My Sergeant too thinks that he lives in a crazy world, but he has not arrived at that conclusion by any intellectual process but through his senses, since that is how he lives. He merely says, "Me for myself... a good meal, some good draft beer, a passable woman, and to hell with the rest of them. I can always make a living because I am smart with my hands and all the rest of them can't live without their washing machines and automobiles and radios. Turn off the electric current and they would be a bunch of helpless sonsofbitches." Sometimes when I think that I may be nuts he reassures me. Quite obviously, by the most basic and fundamental standards, he is not, yet we react and think in a remarkably similar fashion. His scorn of the world in which we live is much greater and certainly more violent than mine.
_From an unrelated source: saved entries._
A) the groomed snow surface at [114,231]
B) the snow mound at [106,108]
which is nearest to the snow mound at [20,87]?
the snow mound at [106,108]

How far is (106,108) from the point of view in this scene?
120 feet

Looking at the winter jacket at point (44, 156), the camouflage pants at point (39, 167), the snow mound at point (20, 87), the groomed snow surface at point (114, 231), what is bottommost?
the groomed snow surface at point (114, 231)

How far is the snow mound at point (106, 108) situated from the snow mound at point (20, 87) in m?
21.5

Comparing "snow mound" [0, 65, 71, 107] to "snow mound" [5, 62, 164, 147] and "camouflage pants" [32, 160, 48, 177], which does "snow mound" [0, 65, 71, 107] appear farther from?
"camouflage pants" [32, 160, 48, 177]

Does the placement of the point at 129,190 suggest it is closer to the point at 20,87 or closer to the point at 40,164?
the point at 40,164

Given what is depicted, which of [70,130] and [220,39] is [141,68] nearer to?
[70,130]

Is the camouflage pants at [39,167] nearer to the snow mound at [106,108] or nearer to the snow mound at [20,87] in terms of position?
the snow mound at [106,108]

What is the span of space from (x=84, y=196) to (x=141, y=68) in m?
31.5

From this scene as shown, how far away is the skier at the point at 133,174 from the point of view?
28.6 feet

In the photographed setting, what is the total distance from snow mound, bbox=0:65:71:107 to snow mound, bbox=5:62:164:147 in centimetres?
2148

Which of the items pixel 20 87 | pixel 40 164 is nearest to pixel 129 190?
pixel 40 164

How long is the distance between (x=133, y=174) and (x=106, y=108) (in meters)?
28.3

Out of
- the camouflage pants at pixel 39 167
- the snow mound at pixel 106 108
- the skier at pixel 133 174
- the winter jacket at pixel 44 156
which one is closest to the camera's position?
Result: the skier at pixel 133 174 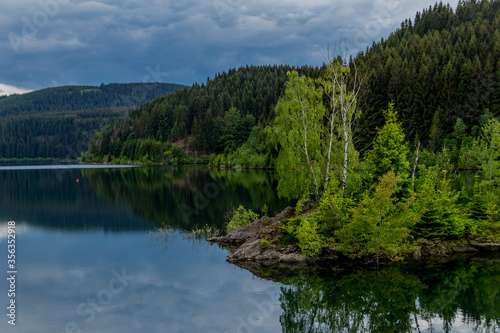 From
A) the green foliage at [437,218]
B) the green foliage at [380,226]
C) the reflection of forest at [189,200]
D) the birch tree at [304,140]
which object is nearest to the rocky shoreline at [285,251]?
the green foliage at [437,218]

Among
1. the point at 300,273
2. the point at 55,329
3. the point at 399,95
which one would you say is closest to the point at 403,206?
the point at 300,273

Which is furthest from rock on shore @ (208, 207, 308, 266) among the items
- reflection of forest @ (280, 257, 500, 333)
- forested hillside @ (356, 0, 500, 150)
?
forested hillside @ (356, 0, 500, 150)

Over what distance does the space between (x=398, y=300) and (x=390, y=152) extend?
13.1 meters

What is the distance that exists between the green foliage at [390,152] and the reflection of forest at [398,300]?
8134 mm

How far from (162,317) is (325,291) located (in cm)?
1002

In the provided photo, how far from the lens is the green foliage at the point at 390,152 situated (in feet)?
97.2

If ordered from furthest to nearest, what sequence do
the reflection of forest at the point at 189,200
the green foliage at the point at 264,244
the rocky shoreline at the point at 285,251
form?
the reflection of forest at the point at 189,200, the green foliage at the point at 264,244, the rocky shoreline at the point at 285,251

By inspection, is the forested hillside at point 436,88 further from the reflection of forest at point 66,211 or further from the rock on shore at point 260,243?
the rock on shore at point 260,243

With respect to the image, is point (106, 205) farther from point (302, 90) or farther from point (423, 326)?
point (423, 326)

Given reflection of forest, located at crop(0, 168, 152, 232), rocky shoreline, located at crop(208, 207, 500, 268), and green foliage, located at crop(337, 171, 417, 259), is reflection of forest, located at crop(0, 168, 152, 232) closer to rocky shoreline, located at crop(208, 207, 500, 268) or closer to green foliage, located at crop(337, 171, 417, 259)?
rocky shoreline, located at crop(208, 207, 500, 268)

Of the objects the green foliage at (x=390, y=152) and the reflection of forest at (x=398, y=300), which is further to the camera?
the green foliage at (x=390, y=152)

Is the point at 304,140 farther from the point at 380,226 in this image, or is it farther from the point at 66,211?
the point at 66,211

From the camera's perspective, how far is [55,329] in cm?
1839

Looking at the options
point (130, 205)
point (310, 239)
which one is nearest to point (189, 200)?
point (130, 205) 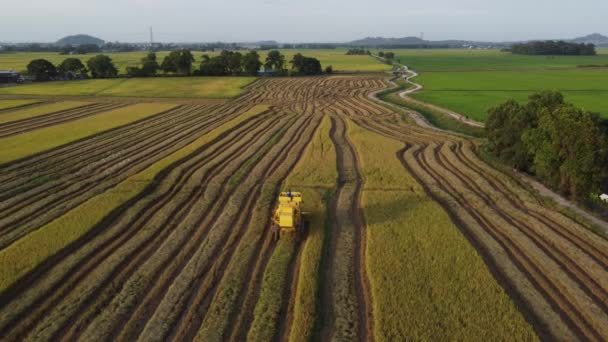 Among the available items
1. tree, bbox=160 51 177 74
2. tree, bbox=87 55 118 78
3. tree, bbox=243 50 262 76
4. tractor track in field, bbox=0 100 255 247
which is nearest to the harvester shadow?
tractor track in field, bbox=0 100 255 247

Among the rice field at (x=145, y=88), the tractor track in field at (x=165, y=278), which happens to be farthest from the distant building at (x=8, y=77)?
the tractor track in field at (x=165, y=278)

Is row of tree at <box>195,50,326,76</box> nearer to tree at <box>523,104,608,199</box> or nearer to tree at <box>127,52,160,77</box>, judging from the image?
tree at <box>127,52,160,77</box>

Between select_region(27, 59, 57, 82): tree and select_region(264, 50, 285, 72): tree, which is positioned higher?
select_region(264, 50, 285, 72): tree

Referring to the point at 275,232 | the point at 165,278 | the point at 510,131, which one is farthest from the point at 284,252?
the point at 510,131

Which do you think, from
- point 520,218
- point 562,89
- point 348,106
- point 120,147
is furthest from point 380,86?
point 520,218

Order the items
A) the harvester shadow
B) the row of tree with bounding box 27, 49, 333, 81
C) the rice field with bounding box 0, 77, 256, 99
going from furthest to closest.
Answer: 1. the row of tree with bounding box 27, 49, 333, 81
2. the rice field with bounding box 0, 77, 256, 99
3. the harvester shadow

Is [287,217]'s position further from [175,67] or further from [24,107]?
[175,67] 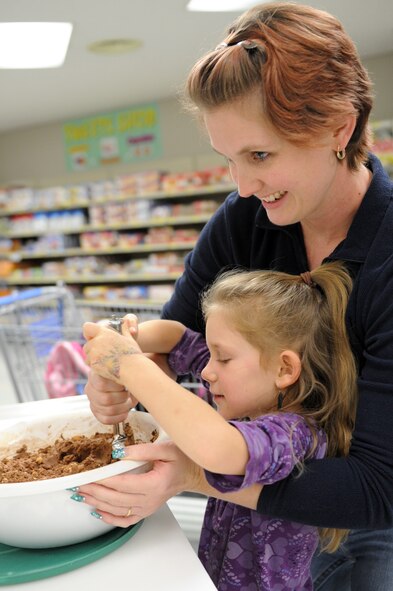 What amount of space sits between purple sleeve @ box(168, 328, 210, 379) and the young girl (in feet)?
0.67

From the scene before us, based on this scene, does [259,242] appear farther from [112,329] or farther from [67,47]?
[67,47]

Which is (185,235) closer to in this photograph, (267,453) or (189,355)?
(189,355)

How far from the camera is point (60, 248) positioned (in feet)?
23.4

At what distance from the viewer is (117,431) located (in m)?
1.14

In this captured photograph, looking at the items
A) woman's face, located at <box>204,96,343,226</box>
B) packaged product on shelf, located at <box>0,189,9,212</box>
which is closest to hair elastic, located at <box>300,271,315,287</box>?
woman's face, located at <box>204,96,343,226</box>

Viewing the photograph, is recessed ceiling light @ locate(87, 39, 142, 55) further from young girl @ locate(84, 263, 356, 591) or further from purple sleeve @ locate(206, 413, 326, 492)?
purple sleeve @ locate(206, 413, 326, 492)

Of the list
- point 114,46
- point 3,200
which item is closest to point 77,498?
point 114,46

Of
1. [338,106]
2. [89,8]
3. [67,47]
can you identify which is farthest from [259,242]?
[67,47]

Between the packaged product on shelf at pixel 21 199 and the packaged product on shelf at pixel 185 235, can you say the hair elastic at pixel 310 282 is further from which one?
the packaged product on shelf at pixel 21 199

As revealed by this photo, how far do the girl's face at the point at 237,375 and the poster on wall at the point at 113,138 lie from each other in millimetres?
5853

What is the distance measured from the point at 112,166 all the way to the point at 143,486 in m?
6.47

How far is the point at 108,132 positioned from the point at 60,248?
1421 millimetres

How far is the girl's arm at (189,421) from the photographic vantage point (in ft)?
2.94

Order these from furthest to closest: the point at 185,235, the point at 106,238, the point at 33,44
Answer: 1. the point at 106,238
2. the point at 185,235
3. the point at 33,44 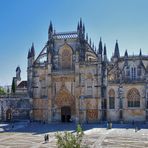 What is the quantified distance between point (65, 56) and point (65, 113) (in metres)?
11.6

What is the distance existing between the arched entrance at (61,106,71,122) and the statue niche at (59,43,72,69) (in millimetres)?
8395

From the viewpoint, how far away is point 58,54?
66438 millimetres

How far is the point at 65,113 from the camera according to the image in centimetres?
6550

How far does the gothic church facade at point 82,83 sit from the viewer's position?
2395 inches

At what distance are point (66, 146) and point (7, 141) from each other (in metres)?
20.8

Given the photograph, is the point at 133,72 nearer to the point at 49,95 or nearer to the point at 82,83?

Sometimes lying awake in the night it seems to me that man has lost his dignity, that he has been robbed of it by the machines to which he has become a slave, by the machines which draw him and his kind together to live in huddled concentrations of huts removed from all contact with the natural universe of which, from the day he is torn painfully from his mother's womb until the day he is laid in the ground with a handful of earth in his face, he is hopelessly and inevitably a part. He has been degraded both in body and in spirit for there is denied him more and more each day the dignity, which belongs even to the animals, of making their own life, or finding food and shelter, of living as free creatures to whom death is but an incident.
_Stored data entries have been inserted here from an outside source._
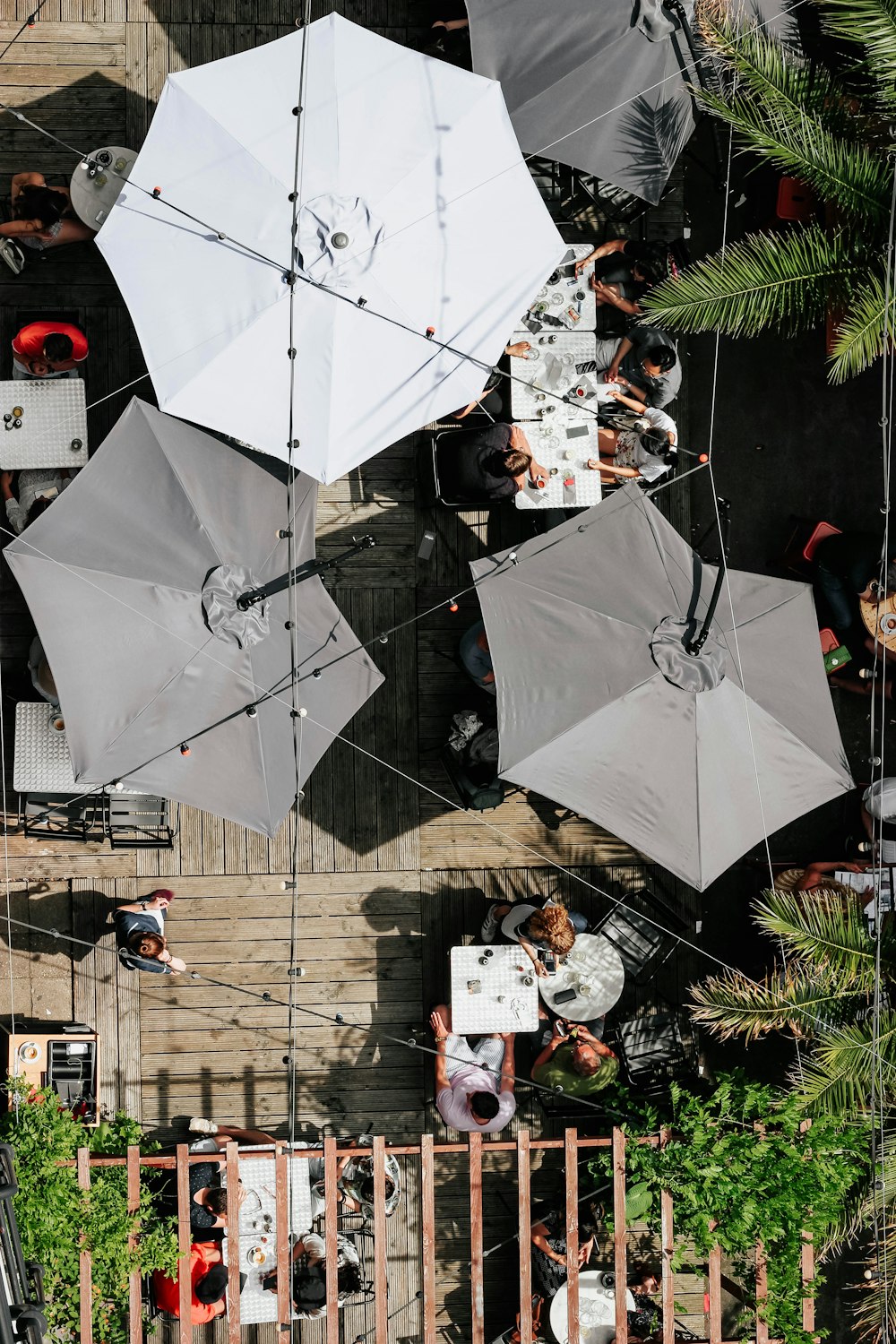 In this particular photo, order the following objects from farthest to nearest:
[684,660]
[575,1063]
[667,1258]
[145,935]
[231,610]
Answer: [575,1063] < [145,935] < [667,1258] < [684,660] < [231,610]

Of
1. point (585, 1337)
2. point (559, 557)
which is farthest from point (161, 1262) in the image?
point (559, 557)

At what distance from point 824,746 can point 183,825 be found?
194 inches

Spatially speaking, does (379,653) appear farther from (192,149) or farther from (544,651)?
(192,149)

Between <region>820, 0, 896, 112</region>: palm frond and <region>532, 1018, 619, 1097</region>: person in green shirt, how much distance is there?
717 centimetres

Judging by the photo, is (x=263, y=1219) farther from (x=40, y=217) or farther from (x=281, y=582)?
(x=40, y=217)

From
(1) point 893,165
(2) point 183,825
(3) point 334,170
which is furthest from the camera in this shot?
(2) point 183,825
During centuries man has built, with suffering and martyrdom and some wisdom, a structure which has begun to disintegrate, to rot from within so that to diagnose the ills and check them has become impossible since man himself is so confused by his mechanical and political achievements that at length all judgment and all standards are lost. He expects machines to do the honest and beautiful work his hands once did and the state (which inevitably is himself and fellows) to make his decisions, to pension him and provide the security which he himself once provided with dignity and with that satisfaction which is the blessing of all creators downward from God and which the kept, the shiftless, the indolent cannot and never will know or understand. He comes to believe that the state is an entity wholly separate from himself which will arrange his life and feed and shelter him. But the state is never a thing apart save in the worst sense, never is it either wise or benevolent, but essentially destructive in its impersonality, in its materialism, in its ruthlessness, in its corruption, in its stupidity. Calling it democracy does not alter its power of destroying the spirit, the intelligence, the creative forces which essentially separate man from the lower animals.
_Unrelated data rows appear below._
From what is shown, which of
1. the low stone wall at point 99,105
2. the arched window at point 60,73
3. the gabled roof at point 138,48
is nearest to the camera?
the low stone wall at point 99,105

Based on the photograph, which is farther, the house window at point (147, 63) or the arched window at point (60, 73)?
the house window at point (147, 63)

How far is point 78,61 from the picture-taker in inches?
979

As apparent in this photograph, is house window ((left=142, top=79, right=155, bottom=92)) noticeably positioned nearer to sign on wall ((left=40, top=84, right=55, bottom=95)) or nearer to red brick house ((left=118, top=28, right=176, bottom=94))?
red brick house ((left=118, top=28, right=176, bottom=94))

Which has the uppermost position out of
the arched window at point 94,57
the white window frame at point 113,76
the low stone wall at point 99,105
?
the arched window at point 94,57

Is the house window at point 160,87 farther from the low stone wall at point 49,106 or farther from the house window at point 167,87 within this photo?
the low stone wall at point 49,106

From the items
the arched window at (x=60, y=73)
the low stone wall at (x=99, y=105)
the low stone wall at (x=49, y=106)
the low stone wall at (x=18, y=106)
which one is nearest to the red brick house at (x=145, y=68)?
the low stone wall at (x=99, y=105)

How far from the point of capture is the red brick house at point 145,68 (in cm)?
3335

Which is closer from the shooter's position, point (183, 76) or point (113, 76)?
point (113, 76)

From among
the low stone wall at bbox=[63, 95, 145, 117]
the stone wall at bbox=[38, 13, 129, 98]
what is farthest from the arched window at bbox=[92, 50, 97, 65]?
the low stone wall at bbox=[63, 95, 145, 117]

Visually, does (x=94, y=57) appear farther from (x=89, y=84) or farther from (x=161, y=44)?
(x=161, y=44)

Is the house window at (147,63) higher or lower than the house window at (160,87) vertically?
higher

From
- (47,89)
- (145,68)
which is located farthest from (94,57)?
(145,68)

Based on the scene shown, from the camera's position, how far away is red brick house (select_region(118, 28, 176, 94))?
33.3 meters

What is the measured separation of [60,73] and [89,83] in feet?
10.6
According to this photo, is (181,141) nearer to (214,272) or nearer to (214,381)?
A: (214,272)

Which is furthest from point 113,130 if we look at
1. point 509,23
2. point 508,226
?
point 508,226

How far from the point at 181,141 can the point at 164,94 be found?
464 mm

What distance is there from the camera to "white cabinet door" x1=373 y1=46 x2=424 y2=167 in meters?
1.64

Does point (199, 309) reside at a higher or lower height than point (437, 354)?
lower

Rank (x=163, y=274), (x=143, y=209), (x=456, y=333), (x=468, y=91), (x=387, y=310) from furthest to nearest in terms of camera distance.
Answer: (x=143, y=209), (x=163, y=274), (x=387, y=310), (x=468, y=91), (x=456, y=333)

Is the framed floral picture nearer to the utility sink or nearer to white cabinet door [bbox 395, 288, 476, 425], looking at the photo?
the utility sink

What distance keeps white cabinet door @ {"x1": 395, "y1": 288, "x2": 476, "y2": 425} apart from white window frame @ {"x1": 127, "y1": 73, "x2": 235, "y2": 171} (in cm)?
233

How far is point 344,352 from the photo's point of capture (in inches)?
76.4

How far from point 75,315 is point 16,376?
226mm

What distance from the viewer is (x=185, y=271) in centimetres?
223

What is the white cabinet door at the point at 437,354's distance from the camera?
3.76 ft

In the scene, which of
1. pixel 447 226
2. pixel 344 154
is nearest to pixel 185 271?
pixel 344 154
I am but a single man, a fragile spark of life subject to all manner of ills, an infinitesimal speck in the universe, of no intrinsic or basic importance whatever to the operations of that universe, as little in respect to all of this universe as the ant trodden under foot. I am only fighting now to bring myself understanding and consequently dignity without which man himself is of less importance than the squid or the primitive lamprey.
On reading this over it seems to me presumptuous to have such thoughts. I am a mediocrity, limited and bound, who should be content with all the wonders and benefits of modern and mechanical democracy and a "modern" existence. Well, I am not.